UK Proposes French-style Filesharing Law

Wed 16 September 2009 17:00, Barry Adams

UK Proposes French-style Filesharing Law

The international copyright lobby, financed by media conglomerates, is gaining traction among European governments. The French have already succumbed to pressure from these lobbyists and have finally managed to adopt, after several aborted attempts, a controversial law that disconnects internet users after they've been proven to illegally download copyrighted material.

Now Lord Mandelson, a British MP, is proposing a similar law for the UK. This despite the Digital Britain report published by the UK government itself a few months ago ruling out the disconnect-strategy in the fight against copyright infringement.

Let's for a moment forget that copyright law as it exists today was written for an entirely different age where instant digital reproduction did not exist. Instead let's focus on what this law might mean for the average citizen.

First, it's ridiculously easy to download copyrighted material. It's so easy in fact that you're likely to do it several times in any given week's regular internet activity, probably without realising it yourself.
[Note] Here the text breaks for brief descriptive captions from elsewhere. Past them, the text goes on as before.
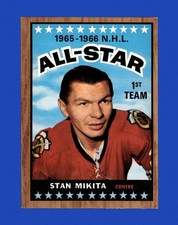 1966-67 Topps Set-Break #124 Stan Mikita NR-MINT *GMCARDS*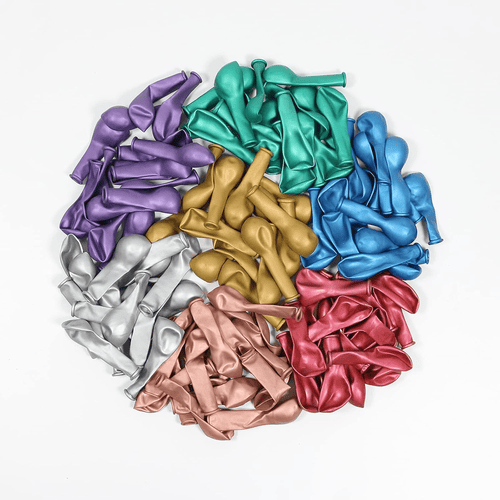 5 colių metalinis latekso balionas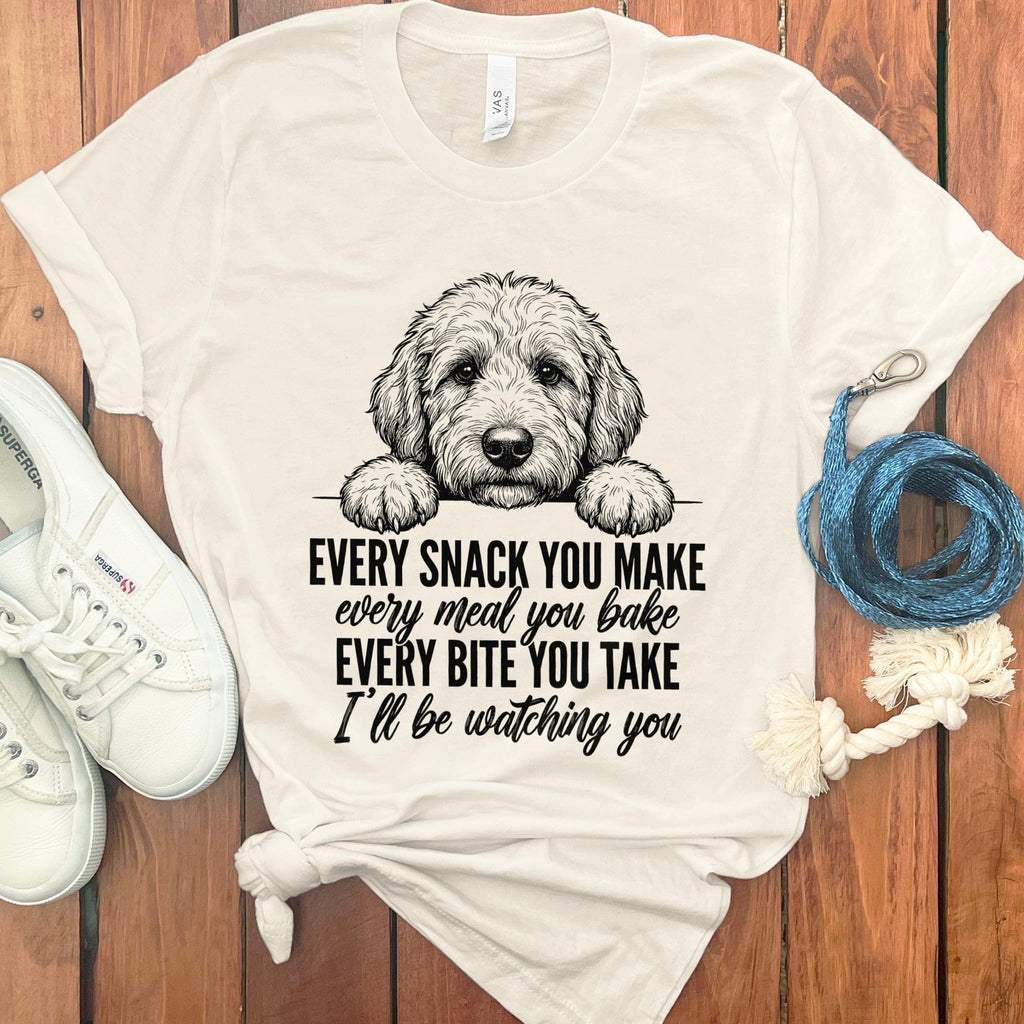 Doodle Watching T-Shirt in Natural / S by Puppy Jo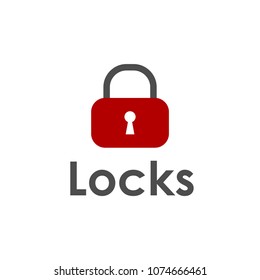 simple lock logo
Copyright law is so broad and often so vague that to call the line between fair use and copyright infringement blurry is a monumental understatement.
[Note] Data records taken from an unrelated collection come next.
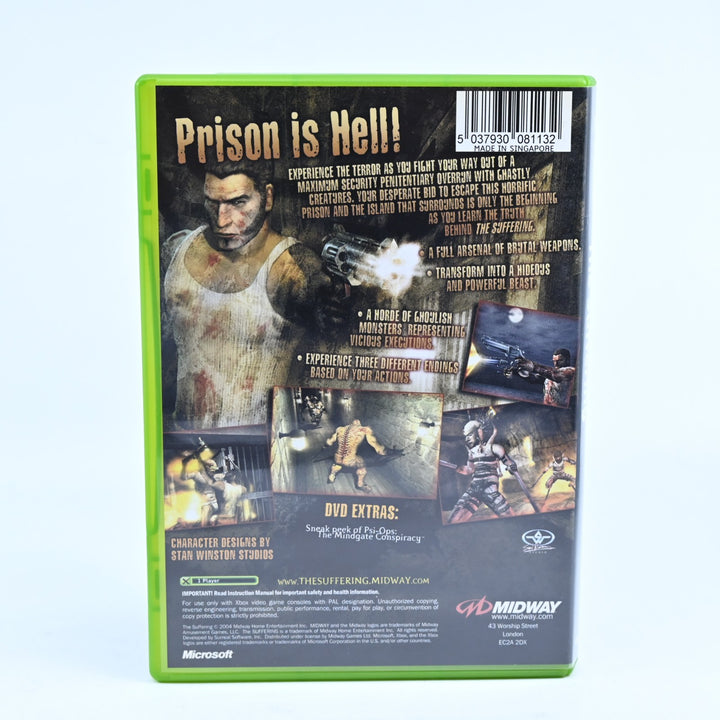 The Suffering - Original Xbox Game + Manual - PAL - MINT DISC!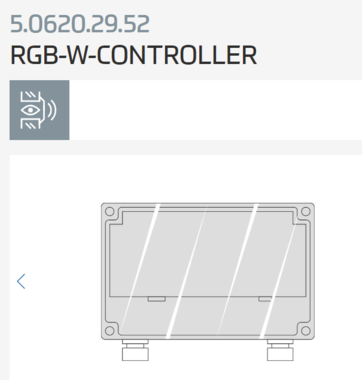 RGB-W Drivdon 5.0620.29.52
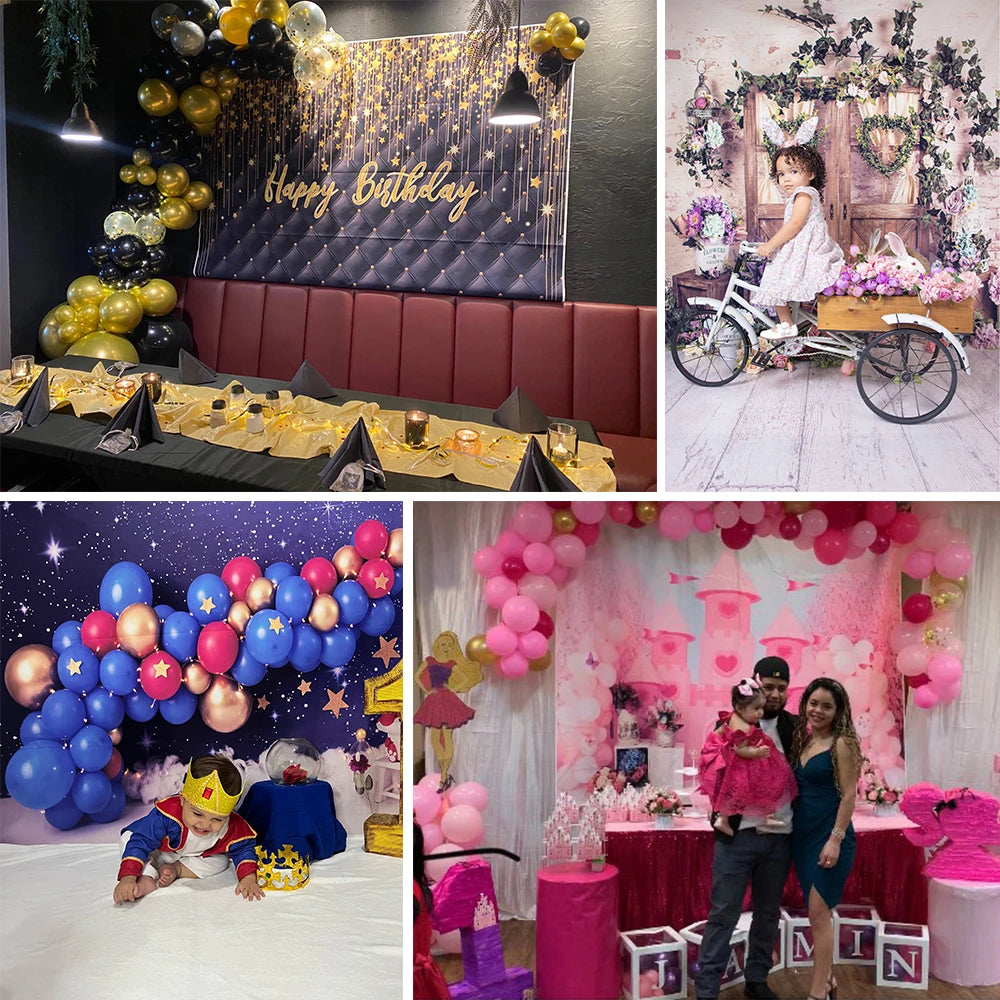 First Holy Communion Backdrop Gold Dots Flowers Gold Cross Boy or Girl My Baptism Party Decor Kids God Bless Photo Background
Secondly, it’s nearly impossible to prove that a specific individual downloaded copyrighted material. An IP address can belong to an entire household or even a whole building, and can also easily be spoofed. Yet IP addresses are used exclusively as evidence of individual copyright offences.

Thirdly, cutting off internet access means you won't be able to do a lot of things that are necessary in these modern times. You won't be able to do your banking online any more. Can't book any flights or tickets online. Unable to look up the latest screen times of that new movie you want to see. Won't be able to download that discount voucher.

Cutting people off from internet access is a severe punishment that doesn't measure up to the damage caused. It's like prohibiting convicted drivers from using the road after a handful of minor traffic infractions - not just from driving cars, but from using any means of road transport at all.

Fortunately we have organisations like the Open Rights Group in the UK that fight against these corporate-sponsored regulatory missteps.